ASHBURN, Va. -- If Louis Riddick was an advance scout, he knows what he would tell his coaches about the Washington Redskins' offense: Get them to third down.

"Take away the play-action game from them and we have them right where we want them," said Riddick, who was a scout and also the director of pro personnel with both the Washington Redskins and Philadelphia Eagles. "You know you can rush against that offensive line and [Robert Griffin III's] ability as a passer in a traditional sense has not reached a level where you're that worried about it."

Riddick said as long as the Redskins' ground game is working and they can use play-action, then they have a chance to go on a run to end the season.

But he also termed their offense simple.

Here's why: "Most of their big plays come off max protect on first down, usually play-action two-man routes. You see the fake zone read, stand up and throw down the field to the deep cross or a deep post on the outside. That's where a lot of their big plays are coming from. When they get to third down, they become a more conventional passing team, not relying on play-action and not relying on pulling the ball off in the zone read. RG III is very much a half-field read, one-to-two-I'm-out-of-here type passer. He's not a dynamic full-field reading passer that is making the decisions the way you see Philip Rivers or the way you see Aaron Rodgers do. He's not that type of passer. He's just not. Compounding it is the fact that their line is not built to be a dropback pass-protect line. They need the benefit of play-action, where the defensive line must play the run first and convert to the pass rush. When a defensive line can tee off and rush the passer, they have one guy who can pass protect and that's Trent [Williams]. They're simple in the fact that you know what's coming on first down with play-action and what the route combinations will be."

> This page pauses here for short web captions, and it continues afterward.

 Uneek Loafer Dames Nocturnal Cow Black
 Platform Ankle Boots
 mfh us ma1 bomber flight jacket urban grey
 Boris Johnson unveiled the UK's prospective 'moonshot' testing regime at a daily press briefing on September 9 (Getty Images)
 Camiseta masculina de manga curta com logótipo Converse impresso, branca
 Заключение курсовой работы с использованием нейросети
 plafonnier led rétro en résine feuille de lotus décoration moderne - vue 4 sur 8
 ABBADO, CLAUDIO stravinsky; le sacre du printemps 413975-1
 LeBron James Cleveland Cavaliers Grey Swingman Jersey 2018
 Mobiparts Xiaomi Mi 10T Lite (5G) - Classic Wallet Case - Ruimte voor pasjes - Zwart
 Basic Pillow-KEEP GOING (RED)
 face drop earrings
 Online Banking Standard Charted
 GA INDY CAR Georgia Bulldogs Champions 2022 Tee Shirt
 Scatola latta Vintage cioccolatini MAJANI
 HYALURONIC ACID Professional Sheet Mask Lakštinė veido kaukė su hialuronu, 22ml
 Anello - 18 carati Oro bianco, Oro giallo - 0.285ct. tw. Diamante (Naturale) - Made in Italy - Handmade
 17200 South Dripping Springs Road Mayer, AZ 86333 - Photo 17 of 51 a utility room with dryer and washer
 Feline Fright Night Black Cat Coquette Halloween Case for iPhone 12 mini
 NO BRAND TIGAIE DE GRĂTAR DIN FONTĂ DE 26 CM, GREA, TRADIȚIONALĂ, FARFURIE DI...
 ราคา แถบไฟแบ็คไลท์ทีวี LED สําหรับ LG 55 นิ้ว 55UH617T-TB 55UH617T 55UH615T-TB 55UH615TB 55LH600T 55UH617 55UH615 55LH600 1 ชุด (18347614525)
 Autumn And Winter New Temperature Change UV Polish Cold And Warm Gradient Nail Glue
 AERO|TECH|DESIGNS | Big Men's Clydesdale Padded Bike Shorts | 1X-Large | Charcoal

Riddick said he took what Griffin did against Minnesota -- 281 passing yards, three touchdowns -- with a grain of salt because of the Vikings' banged-up secondary.

"But the only thing I'll say is that in the division it's not like Dallas and Philadelphia [have great secondaries]," Riddick said. "Philadelphia's secondary, for as much as people say they're playing better, can be had at corner. They can be had. And the Giants, who knows what you'll get from one week to the next. The [Redskins] have a chance because of the division they compete in."